Without the pictures, output the records below exactly as they are.

▽

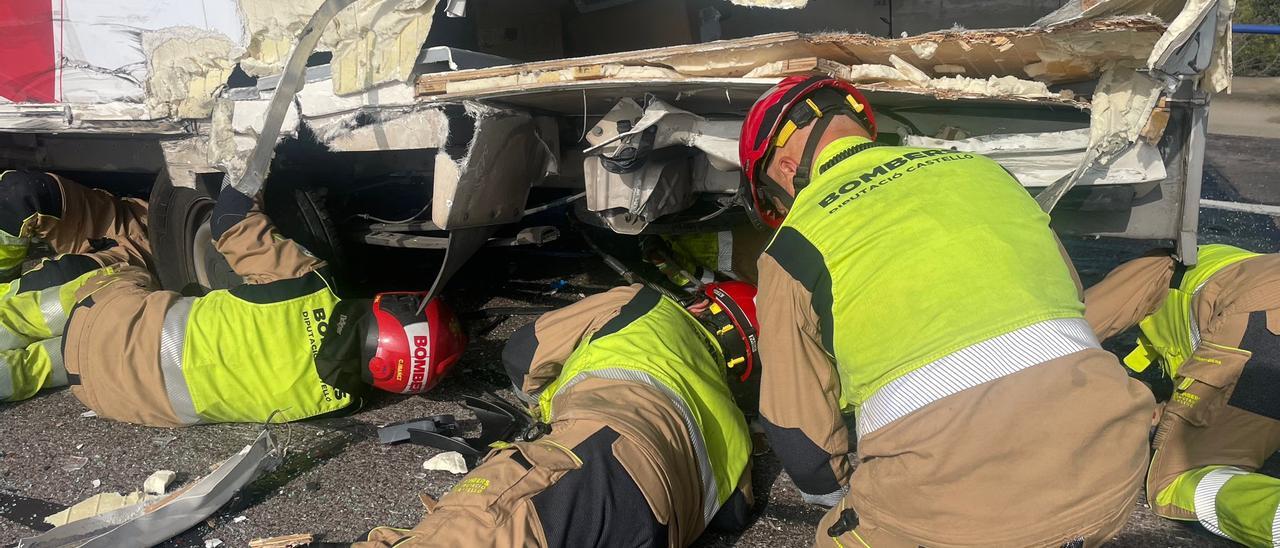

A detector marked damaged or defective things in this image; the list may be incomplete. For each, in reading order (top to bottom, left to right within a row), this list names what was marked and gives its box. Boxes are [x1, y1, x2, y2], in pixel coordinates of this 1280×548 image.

torn white metal panel [238, 0, 442, 94]
torn white metal panel [432, 102, 558, 229]
wrecked truck body [0, 0, 1239, 299]
torn white metal panel [586, 98, 747, 171]
torn white metal panel [901, 128, 1172, 188]
torn white metal panel [17, 427, 279, 548]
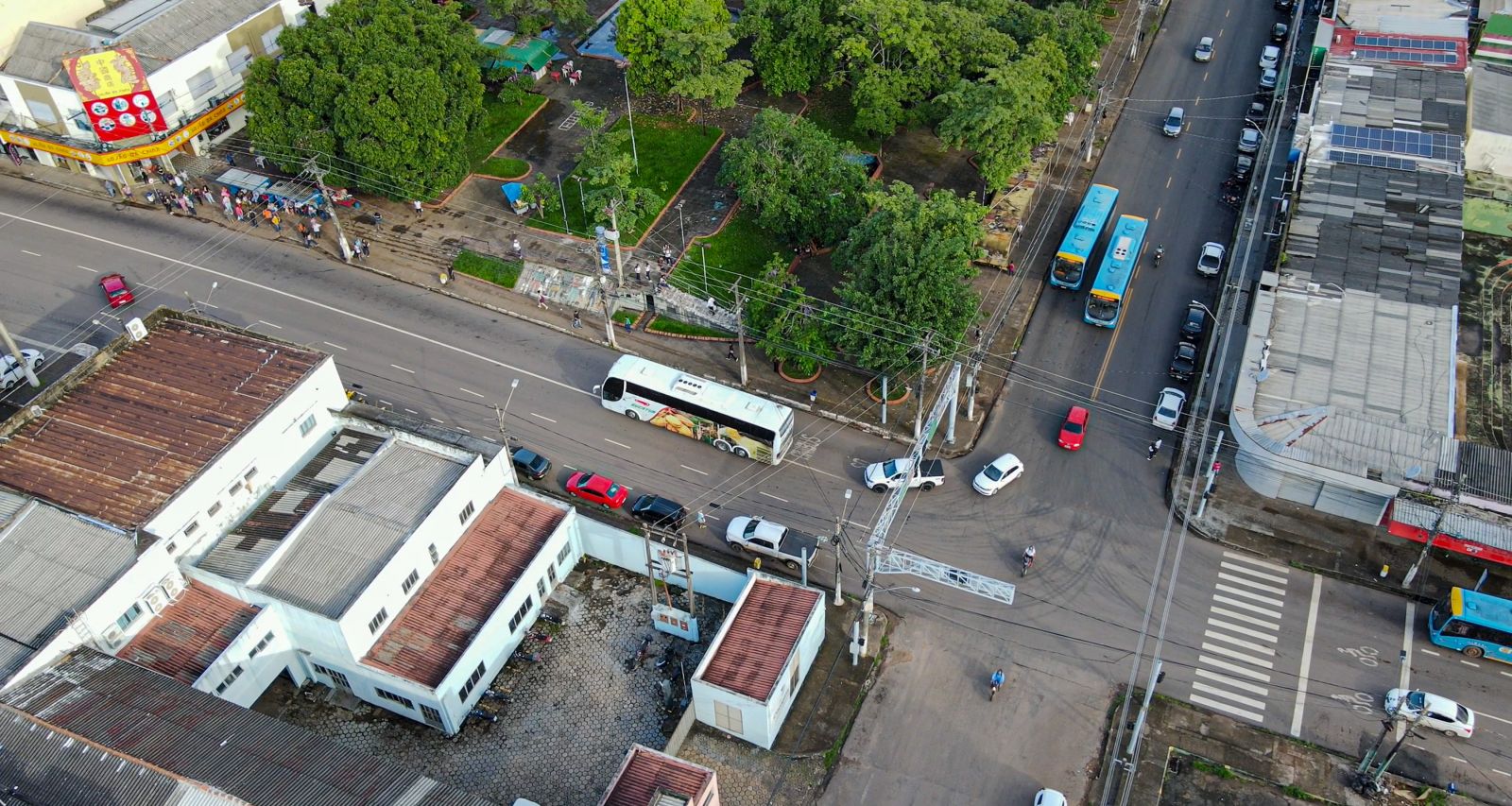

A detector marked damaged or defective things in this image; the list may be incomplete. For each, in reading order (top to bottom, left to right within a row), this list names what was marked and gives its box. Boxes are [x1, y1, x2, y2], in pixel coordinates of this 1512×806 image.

rusty metal roof [0, 317, 325, 532]
rusty metal roof [116, 577, 261, 686]
rusty metal roof [363, 484, 565, 686]
rusty metal roof [692, 574, 816, 701]
rusty metal roof [4, 646, 502, 804]
rusty metal roof [598, 741, 716, 804]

△

> _Result of this task_:
A detector marked damaged or defective things in this image; the list may be incomplete. For each, in reading order (top to bottom, left to right within a row), this list names what was marked and gives its box. Boxes are [x1, y1, x2, y2], in pixel coordinates of this 1280×548 image.

torn white metal panel [238, 0, 442, 94]
torn white metal panel [432, 102, 558, 229]
wrecked truck body [0, 0, 1239, 299]
torn white metal panel [586, 98, 747, 171]
torn white metal panel [901, 128, 1172, 188]
torn white metal panel [17, 427, 279, 548]

A detector marked damaged or defective things in this image; the list may be incomplete. For each, in reading order (top to bottom, left to right within a row), this list names what was marked and gives its box. Boxes are [x1, y1, x2, y2], in pixel coordinates of this 1512×806 image.

rusty metal roof [0, 317, 325, 532]
rusty metal roof [116, 577, 261, 686]
rusty metal roof [363, 484, 565, 686]
rusty metal roof [692, 574, 816, 701]
rusty metal roof [4, 646, 502, 804]
rusty metal roof [598, 741, 716, 804]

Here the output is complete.